> TASK DIRECTIONS: Leaving out all pictures, retype the records exactly.
---*---
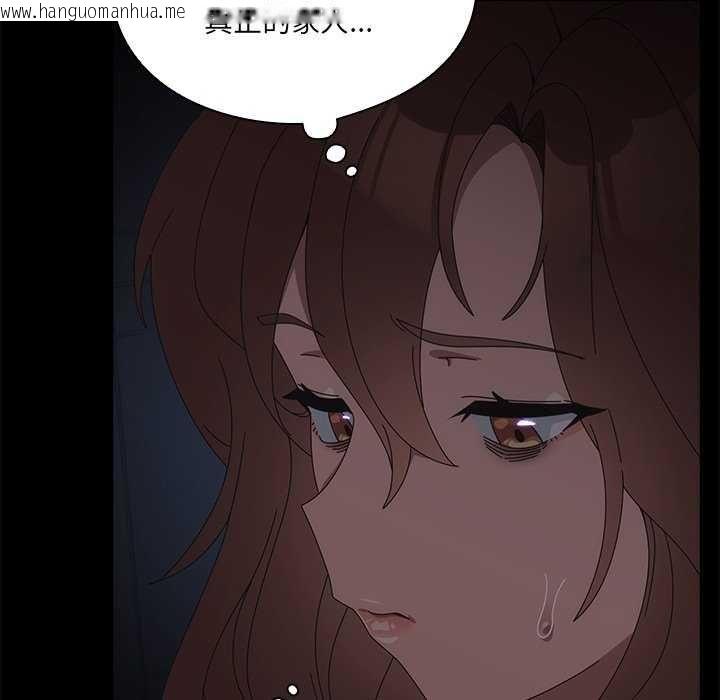 韩国漫画与众不同的兄妹/我家的掌上明珠韩漫_与众不同的兄妹/我家的掌上明珠-第54话在线免费阅读-韩国漫画-第48张图片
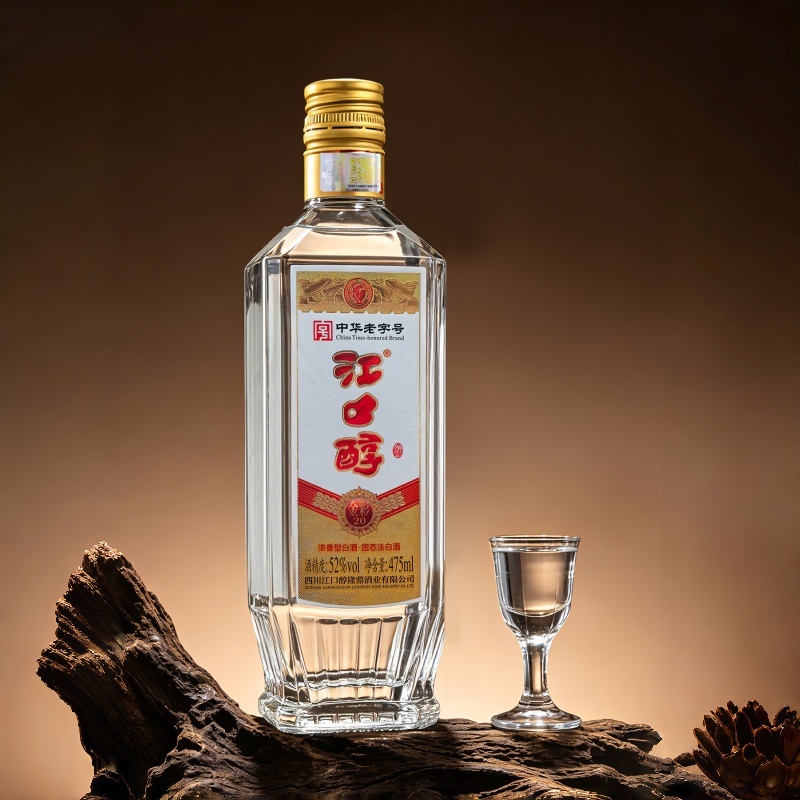 江口醇·金彩20·52度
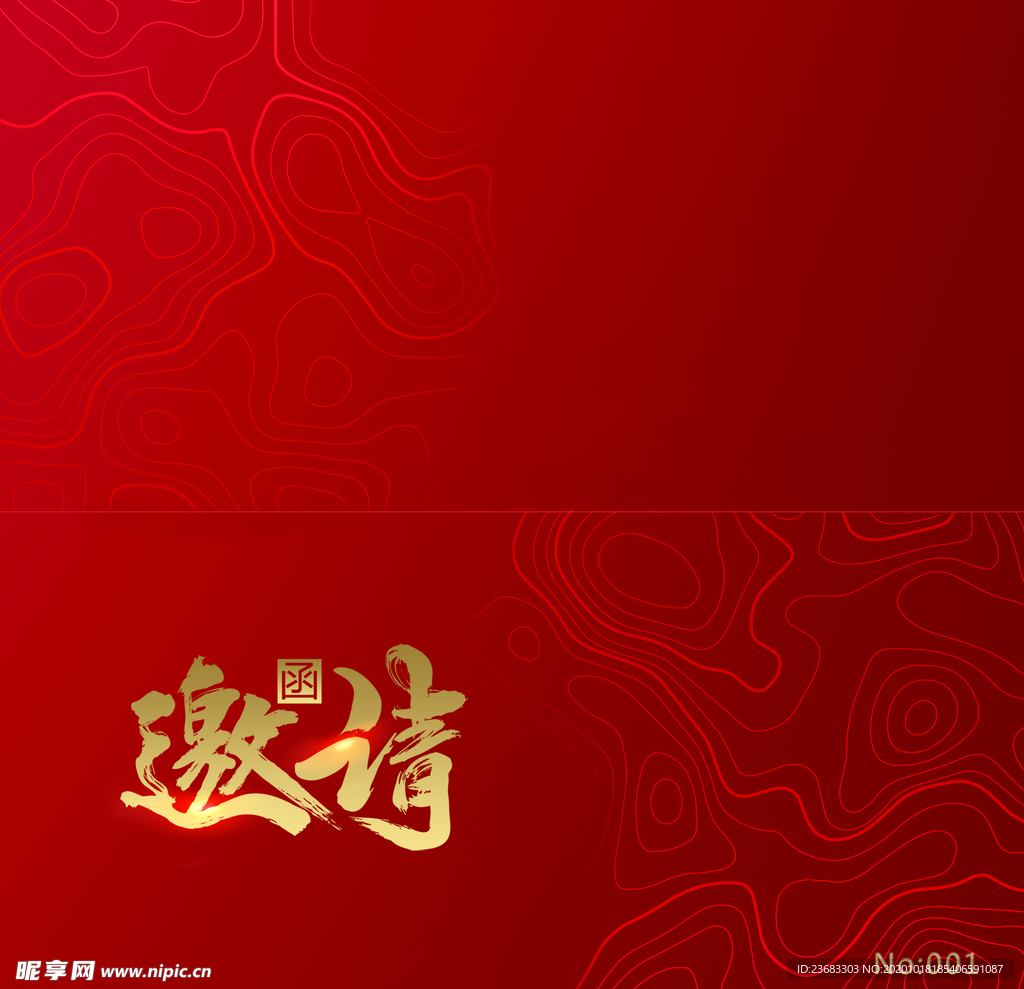 邀请函封面素材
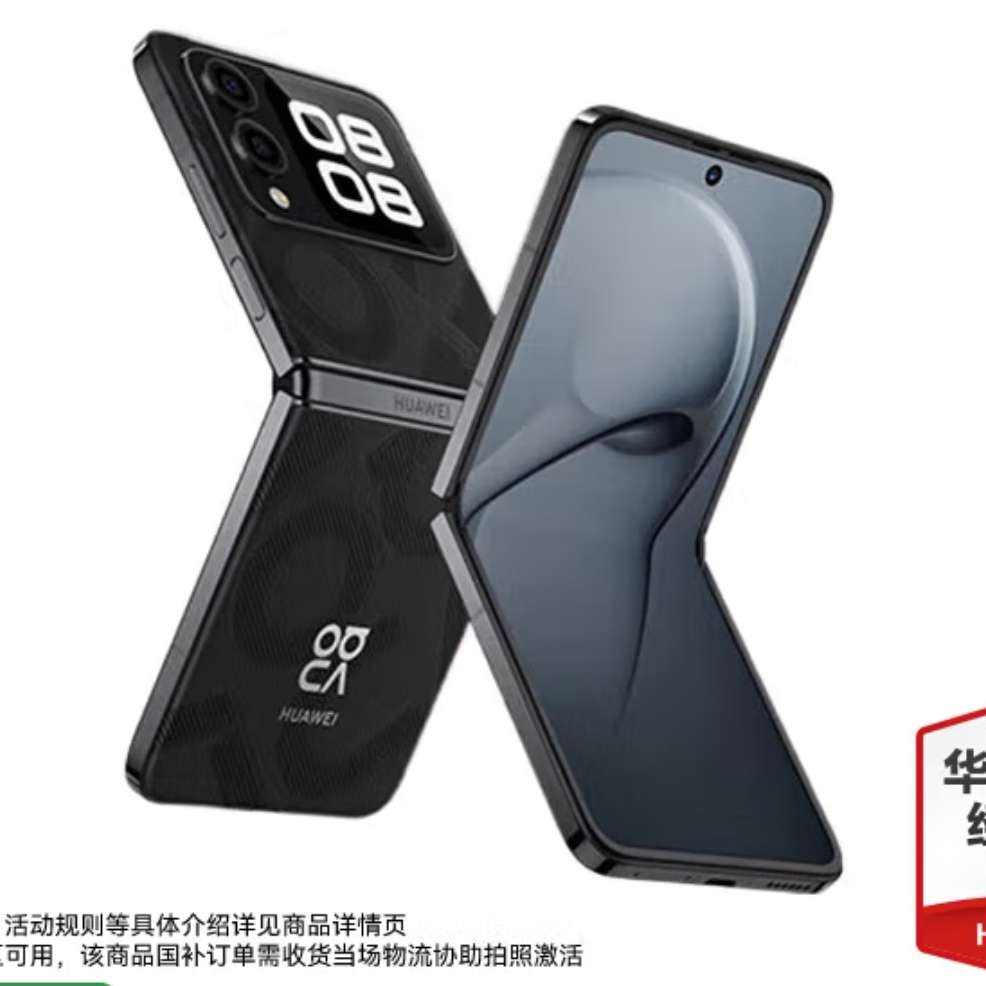 Ϊ nova Flip ۵ֻ 256GB ҫ2764.8Ԫ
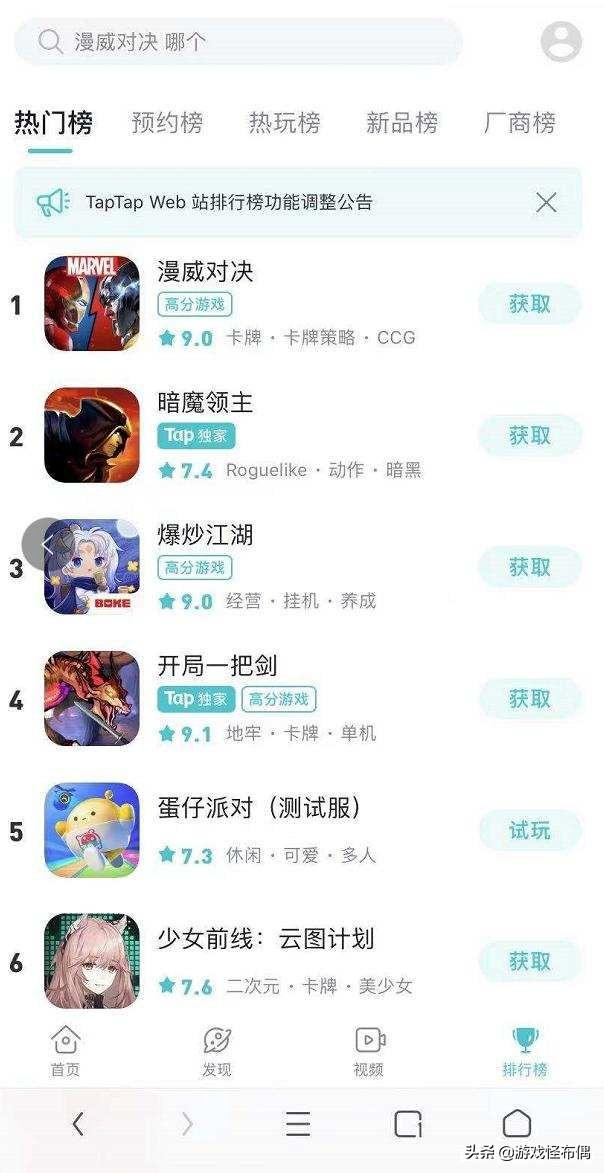 比较耐玩的卡牌类游戏（好玩的卡牌养成回合制游戏）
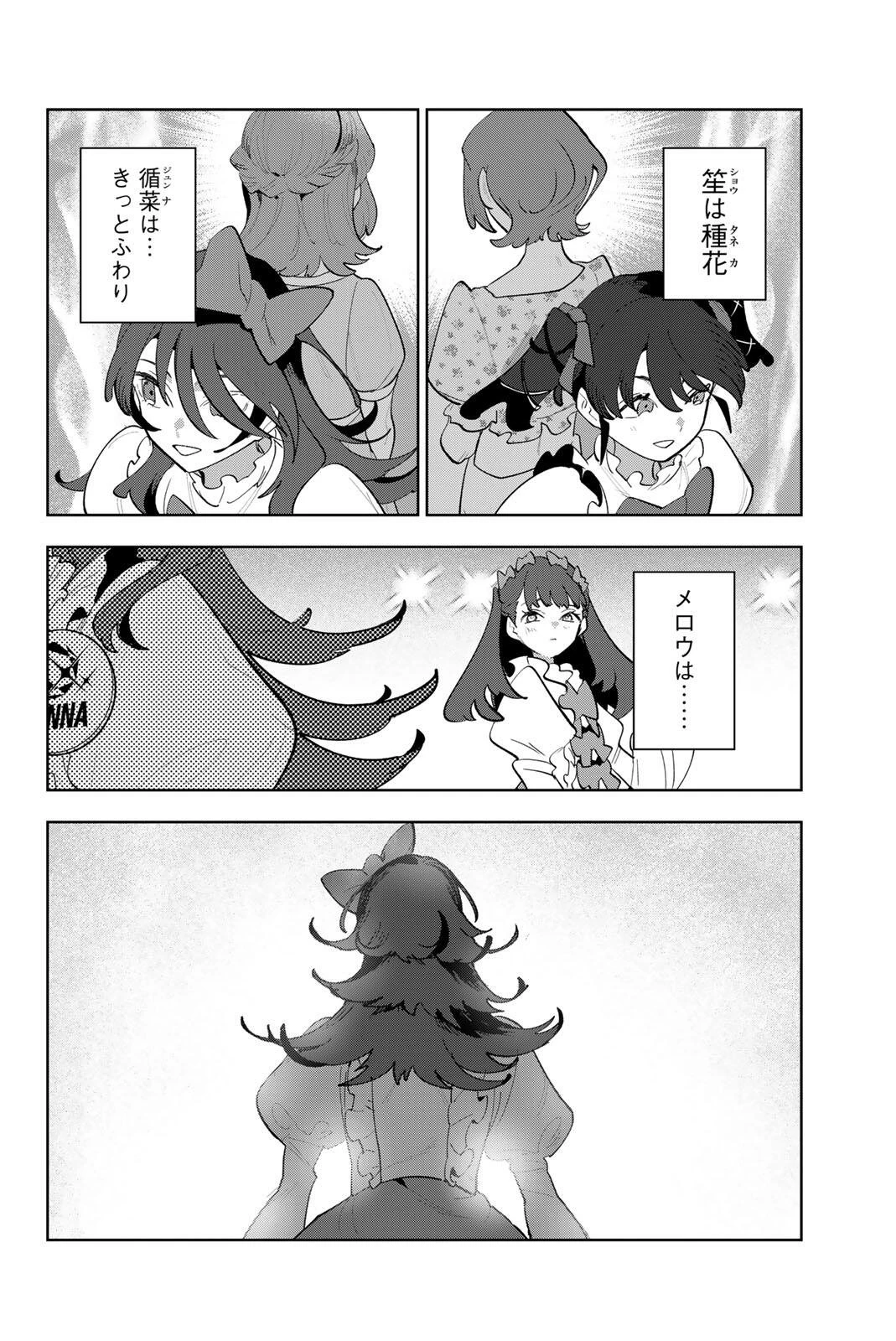 アイドラトリィ 第53話 - 14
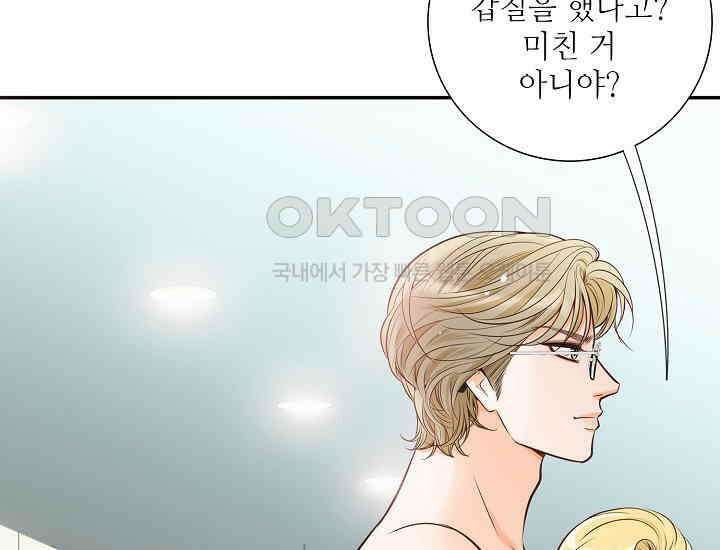 예쁘게 우는 남자 2화 24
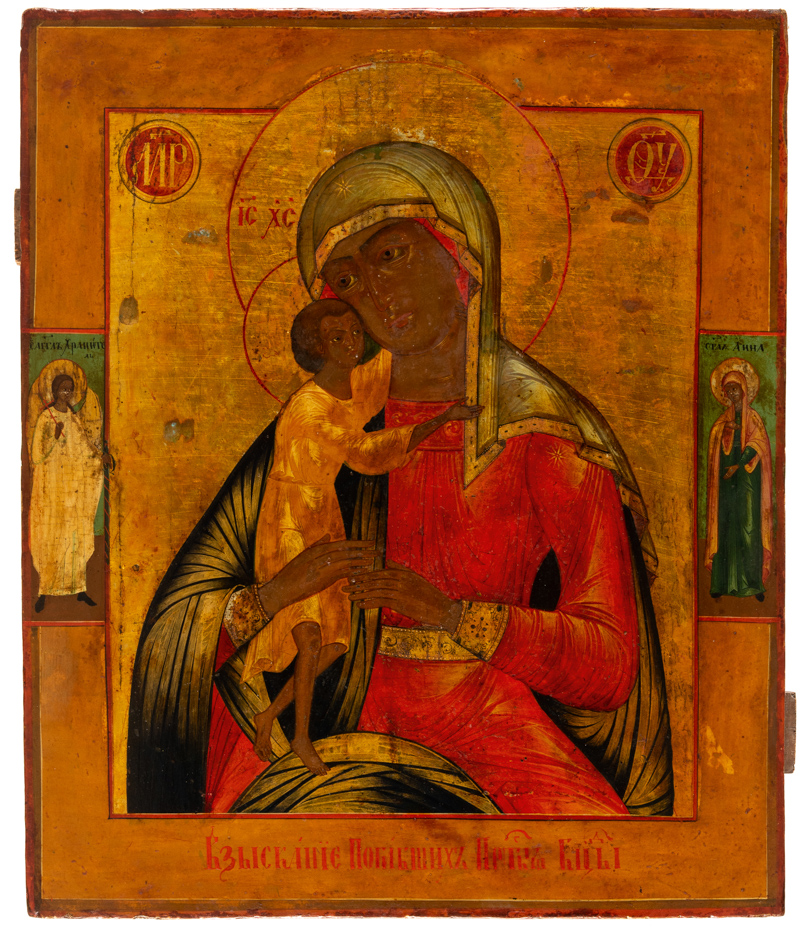 LARGE RUSSIAN SILVERED OKLAD ICON SHOWING THE MOTHER OF GOD 'SEEKER OF THE LOST' - Image 2 of 3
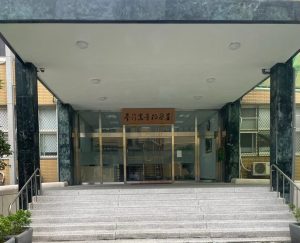 法律新訊 5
---*---
> OUTPUT BELOW:
 韩国漫画与众不同的兄妹/我家的掌上明珠韩漫_与众不同的兄妹/我家的掌上明珠-第54话在线免费阅读-韩国漫画-第48张图片
 江口醇·金彩20·52度
 邀请函封面素材
 Ϊ nova Flip ۵ֻ 256GB ҫ2764.8Ԫ
 比较耐玩的卡牌类游戏（好玩的卡牌养成回合制游戏）
 アイドラトリィ 第53話 - 14
 예쁘게 우는 남자 2화 24
 LARGE RUSSIAN SILVERED OKLAD ICON SHOWING THE MOTHER OF GOD 'SEEKER OF THE LOST' - Image 2 of 3
 法律新訊 5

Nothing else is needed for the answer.